> **MATERIAL SHOWN**:

______________________________

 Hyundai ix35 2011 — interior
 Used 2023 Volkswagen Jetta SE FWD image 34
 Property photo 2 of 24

______________________________

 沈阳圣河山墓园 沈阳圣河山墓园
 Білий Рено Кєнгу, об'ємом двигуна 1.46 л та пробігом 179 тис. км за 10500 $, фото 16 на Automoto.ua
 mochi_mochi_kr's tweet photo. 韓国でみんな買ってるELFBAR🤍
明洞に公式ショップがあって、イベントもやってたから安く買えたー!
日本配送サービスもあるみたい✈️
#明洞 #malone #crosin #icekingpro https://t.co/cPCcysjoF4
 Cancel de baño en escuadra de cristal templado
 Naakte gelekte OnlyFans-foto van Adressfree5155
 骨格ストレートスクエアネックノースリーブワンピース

______________________________

> **TASK PROMPT**: Using the data above, repeat exactly the lines that begin at the line with "mochi_mochi_kr's tweet photo." and end at the line with "骨格ストレートスクエアネックノースリーブワンピース", both ends included.

> **TASK OUTPUT**:
 mochi_mochi_kr's tweet photo. 韓国でみんな買ってるELFBAR🤍
明洞に公式ショップがあって、イベントもやってたから安く買えたー!
日本配送サービスもあるみたい✈️
#明洞 #malone #crosin #icekingpro https://t.co/cPCcysjoF4
 Cancel de baño en escuadra de cristal templado
 Naakte gelekte OnlyFans-foto van Adressfree5155
 骨格ストレートスクエアネックノースリーブワンピース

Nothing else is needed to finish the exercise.